The nation is going through an especially heightened state of political division and polarization, even by the standards of its lively democracy. Recall movements are unfolding nationwide — a response by civil society groups to Chinese Nationalist Party (KMT) and Taiwan People’s Party (TPP) lawmakers attempting to tighten requirements for recall petitions and rendering the Constitutional Court inoperable by blocking President William Lai’s (賴清德) appointments.
The court normally has 15 justices, but currently only has eight. Recent amendments passed by the opposition would require a two-thirds quorum to hear constitutional cases, rendering it frozen. Many believe these are to punish the court for ruling last year that the legislature’s power grab was unconstitutional.
Recent haggling over the defense budget — with opposition lawmakers freezing 30 percent of the drone budget, 50 percent of the submarine budget, and cutting 3 percent of the military’s equipment and facilities budget, while spending just 2.45 percent of GDP on defense — raises questions for many foreign observers about whether the nation is willing and able to properly fund its defense, although Lai yesterday said the government would aim to increase defense spending to 3 percent of GDP this year.

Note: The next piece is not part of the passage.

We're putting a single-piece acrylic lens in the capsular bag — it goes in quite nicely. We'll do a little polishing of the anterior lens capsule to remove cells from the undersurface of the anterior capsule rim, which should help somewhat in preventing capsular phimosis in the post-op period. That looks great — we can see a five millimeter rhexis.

However, while the nation faces significant political challenges given the polarization and institutional deadlock stemming from the legislative and executive branches being controlled by different parties, the broad trendlines on defense show positive developments and commitments to boosting deterrence.

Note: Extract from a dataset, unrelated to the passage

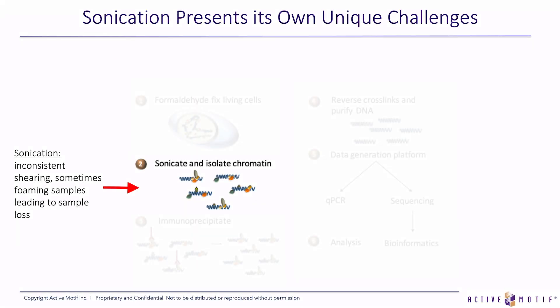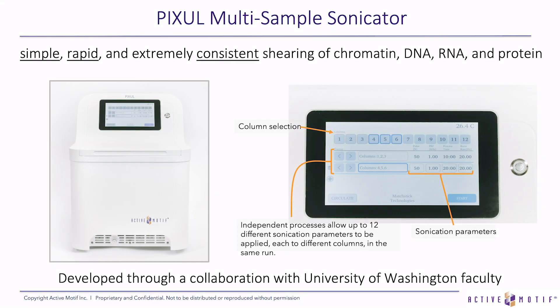Another step in ChIP that presents unique challenges is sonication. A lot of times ChIP assays fail because your sonication was inconsistent. Inconsistent shearing sometimes leads to foaming samples. If you accidentally touch the probe of the sonicator to the side of the tube, there are cooling issues with keeping your samples always at 4 degrees, whereas sonication tends to heat up your samples. All of these problems can lead to inconsistent results and sometimes failed experiments.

The nation’s defense budget has increased 80.47 percent in the past eight years and is to be raised about 5 percent this year. Minister of National Defense Wellington Koo (顧立雄) — only the third civilian appointment in the nation’s history and seen as less tied to traditional military structures — has been making headway in reforming the military’s command and control structures, transitioning to an asymmetric strategy and improving training for conscripts and professional soldiers.
As Ryan Hass, director of the Brookings Institution’s John L. Thornton China Center, wrote in September last year following a Brookings research trip to Taipei, “Taiwan’s military establishment is populated with the most reform-minded leadership since its transition to direct democratic elections in 1996.”
Taiwan in recent years has also made significant purchases of military assets including tanks, fighter jets, anti-tank missiles and anti-ship missiles, and is likely to see steady delivery of these systems in the coming years. This week it signed a NT$24.99 billion (US$762.59 million) contract for three Norwegian Advanced Surface-to-Air Missile Systems, just one example of significant investments in modernizing the nation’s military.
Although the defense budget was hotly debated, US President Donald Trump’s transactional approach to foreign policy and concern about Taiwan’s trade surplus, as well as the Asia “prioritizers” in his administration, could provide scope for significant arms procurements, which could be passed as a special budget. Demonstrating the administration’s priorities, US National Security Adviser Mike Waltz last month called for Washington to speed up arms deliveries to Taiwan. “We have over a US$20 billion backlog of things that they’ve paid for and that we need to work hard to free up and have them get what they paid for as a deterrent,” he said.
With ongoing military reforms spearheaded by Koo, significant defense procurements scheduled for delivery and greater scope for arms purchases during the Trump administration, although partisan bickering is posing challenges, the broad defense reform trajectory is trending in the right direction.